I still remember the moment that my Grandfather unloaded an avalanche of disrespect at my dad, in front of all of us DePoy kids. I was sixteen years old, and I launched into the defense of my dad with a lunge from the kitchen table. I rolled up my sleeves and threatened to physical strike my own Grandfather…

He died a few years ago, and we were never reconciled.

Because I have a photographic memory, and I know how to keep score. I have an emotional ledger on my lap, calculating relational profits/losses with the razor blade of “discernment”. After years of theological education, I have hidden behind the shelter of unforgiveness beneath the cloak of being a wise steward of my heart.

Reading Jesus’ invitation to live in the freedom of forgiveness has wrecked everything for me! What if He really meant that stuff?
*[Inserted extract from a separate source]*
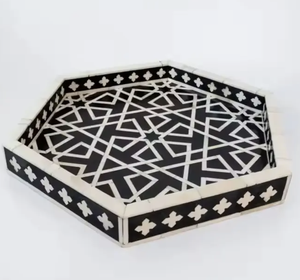 Plateau de service hexagonal en bois naturel incrusté d'os, fait main, de haute qualité, pour la maison, les restaurants, les hôtels - Product Image 1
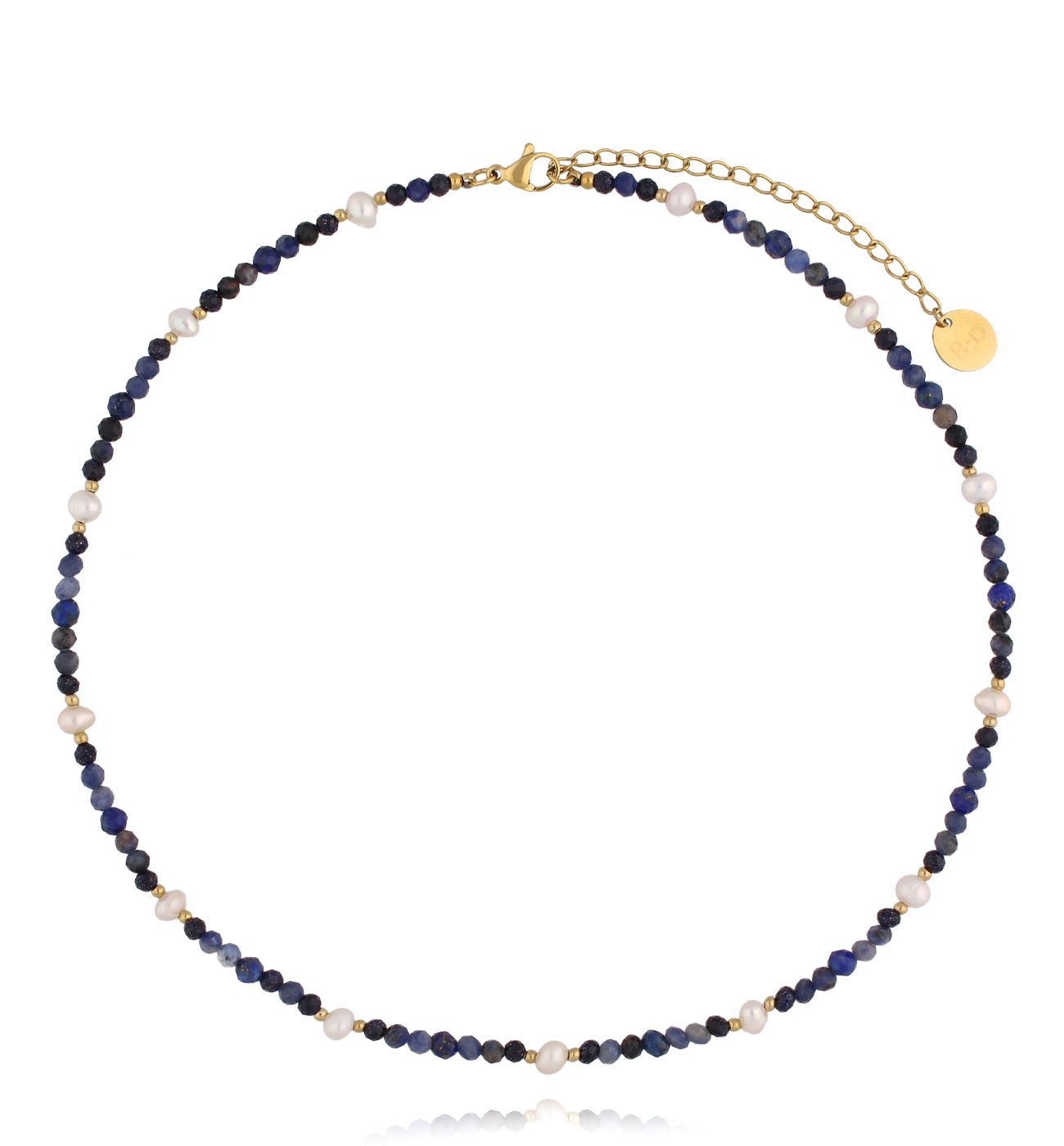 Naszyjnik granatowy z lapisami i perłami - By Dziubeka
That would throw a proverbial wrench in my plans of starving the hostages in my prison of bitterness.

“Blessed are the Merciful, for they will be shown Mercy…” – defined beautifully as ‘Active compassion by Divine grace’; Mercy is intricately woven into the fabric of forgiveness, as illustrated by the Parable of the Unmerciful Servant.
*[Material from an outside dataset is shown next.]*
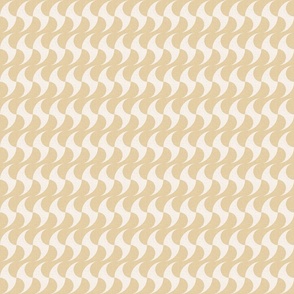 Dancing Geometric Waves - Vintage Pale Yellow and Cream / Medium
Jesus paints a portrait of His Father’s posture by describing the Kingdom:
“The Kingdom of Heaven is like a King who wanted to settle all accounts…”
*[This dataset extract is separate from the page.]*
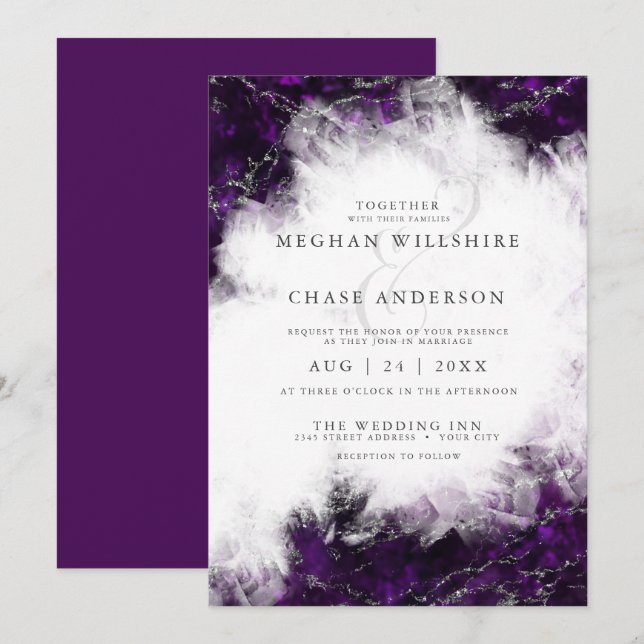 Invitación Boda | Elegante Amethyst Crystal Geode Invitati (Anverso / Reverso)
What does this tell us about the heart of God?

Central to the redemption Story is the gospel insistence of debt cancellation and the implications thereof.
Because we all have an account, and we all will stand before the King who desires reconciliation.


Last year I went to a conference in Orlando, Florida. I had greatly anticipated the Grand Finale – an inspiring message from a theological hero of mine. On the morning of the big event, I overslept in my hotel room (long story… no wake up call from the front desk/my lawyers are handling it…). The alarm clock revealed my inner panic, and I squealed out of the parking lot in my rented Toyota Prius. Despite the stale green light, I blew threw the immanent red-lighted intersection and cruised my way to catch the end of the conference.

Two months later, I received an “Infraction” in the mail. There was a phone number to call, if I had any questions, otherwise the necessary payment should be included in this return envelope… I dialed the phone number at the bottom of the ticket and began to argue with the Police Officer in Florida. He invited me to check out a particular website which had documented and preserved my blown red light.

Yep, that’s me… driving a rented Toyota through an intersection that could not contain my hurry.

How shall I plea? What is my defense?

But Jesus insists that the Kingdom of Heaven is like a King who desires reconciliation. He cancels the debt of “10,000 Talents” which, according to Josephus was the exact amount demanded by the Roman Emperor Pompey upon the Jews in 64 BC; This astronomical figure was another example of Jesus’ hyperbole exaggerations of the extreme. The numerical figure of 10,0000 was the highest number used in reckoning, and the “Talent” was the highest amount of printed currency in the culture of the Ancient Near East.

Jesus was communicating the weight of our sin, and the price of our forgiveness.

But then, in classic rabbinic fashion, Jesus flips the script and twists the narrative to include the lack of forgiveness offered by the slave to his peers. He leaves the presence of the Throne and immediately hunts down an outstanding debtor for repayment. Capturing his attention in a choke hold, the Unmerciful Servant refuses to offer forgiveness to the smaller debt that was owed to him.

This is me.

I am an artist at harboring unforgiveness… I have approximately 5 people in Muskegon, MI whom I am continuing to keep in my own prison. The cold shoulder is a choke hold, and I am wrestling with the demand of the King, to forgive those who have hurt me.

I have been known to run a few red lights. I have burned a bridge or two… I have left behind carnage in my wake. I have been found guilty.

And I have been forgiven. How now shall I live?